◆ **Prompt**
Given the entries that follow, write out exactly the lines starting at the one containing "- Afbeelding 7" and ending at the one containing "T-shirt in tulle", both ends included, and only those.

◆ **Records provided**
↓↓↓
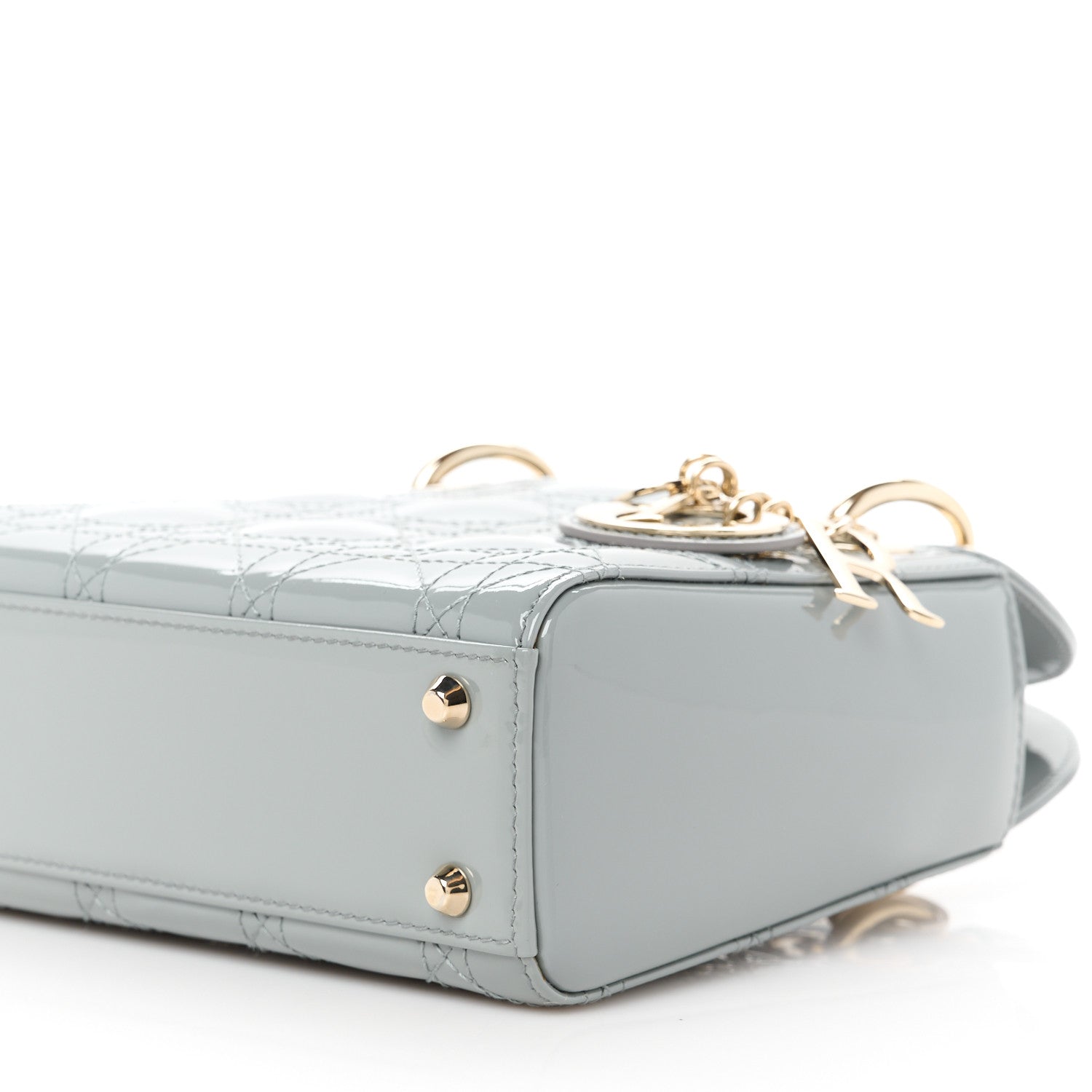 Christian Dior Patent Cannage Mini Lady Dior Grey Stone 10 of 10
↑↑↑
↓↓↓
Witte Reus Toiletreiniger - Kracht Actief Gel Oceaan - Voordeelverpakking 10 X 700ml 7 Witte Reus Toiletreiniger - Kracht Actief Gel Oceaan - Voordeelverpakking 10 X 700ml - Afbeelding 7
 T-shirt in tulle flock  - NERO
↑↑↑
↓↓↓
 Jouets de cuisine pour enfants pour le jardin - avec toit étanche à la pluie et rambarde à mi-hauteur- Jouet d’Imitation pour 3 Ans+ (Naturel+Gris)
↑↑↑
◆ **Response for this exercise**
Witte Reus Toiletreiniger - Kracht Actief Gel Oceaan - Voordeelverpakking 10 X 700ml 7 Witte Reus Toiletreiniger - Kracht Actief Gel Oceaan - Voordeelverpakking 10 X 700ml - Afbeelding 7
 T-shirt in tulle flock  - NERO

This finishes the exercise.